• How to complete this task
Please transcribe the listing below in full, exactly as written, leaving out its pictures.

• Data provided

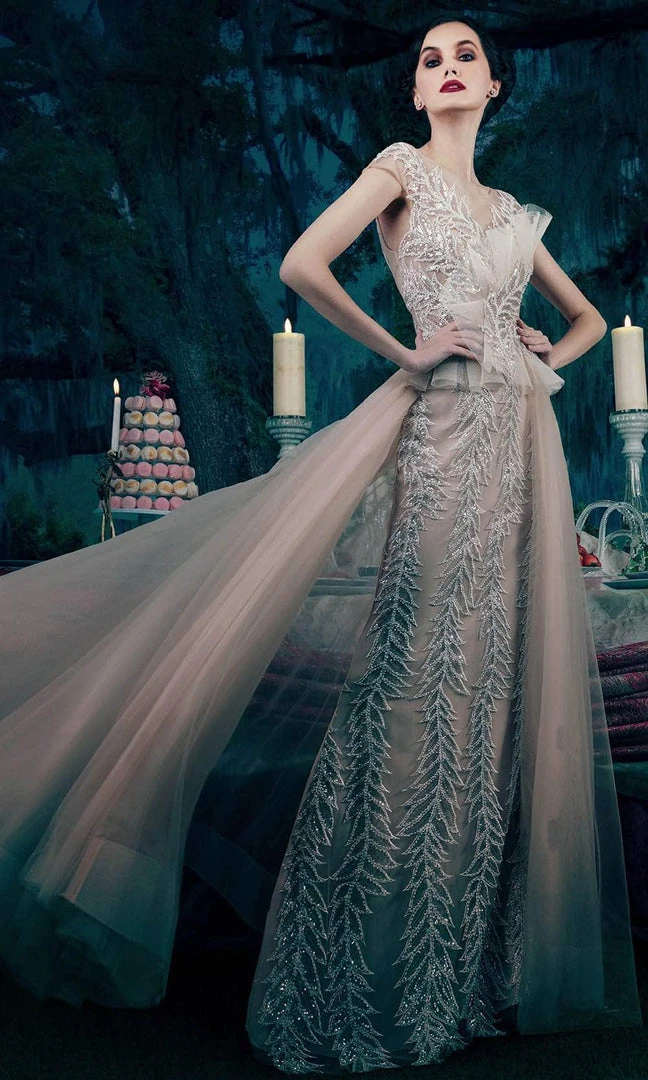 Janique 15761 - Cap Sleeve Illusion V-neck Long Dress 4 Janique 15761 - Cap Sleeve Illusion V-neck Long Dress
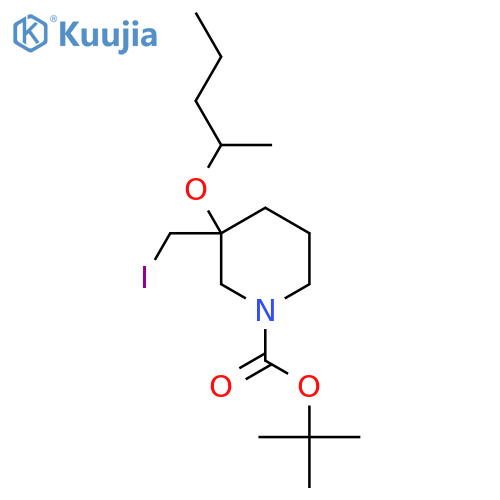 tert-butyl 3-(iodomethyl)-3-(pentan-2-yloxy)piperidine-1-carboxylate structure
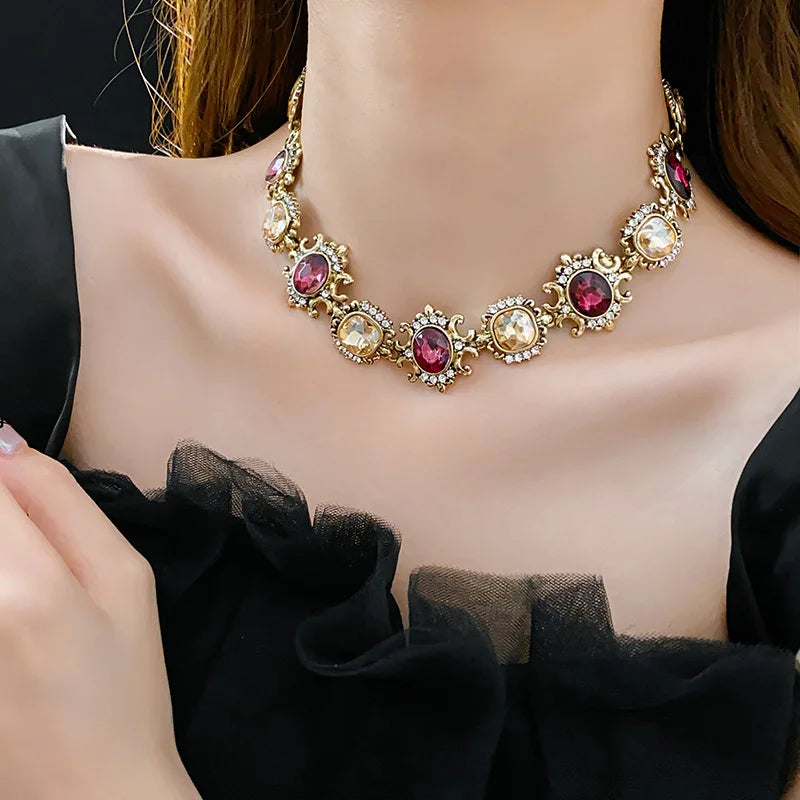 Vintage Square Rhinestone Round Drop Earring Chain Necklace Palace Style Luxury High-end Design Women's Jewelry Sets Wedding J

• Answer space
 Janique 15761 - Cap Sleeve Illusion V-neck Long Dress 4 Janique 15761 - Cap Sleeve Illusion V-neck Long Dress
 tert-butyl 3-(iodomethyl)-3-(pentan-2-yloxy)piperidine-1-carboxylate structure
 Vintage Square Rhinestone Round Drop Earring Chain Necklace Palace Style Luxury High-end Design Women's Jewelry Sets Wedding J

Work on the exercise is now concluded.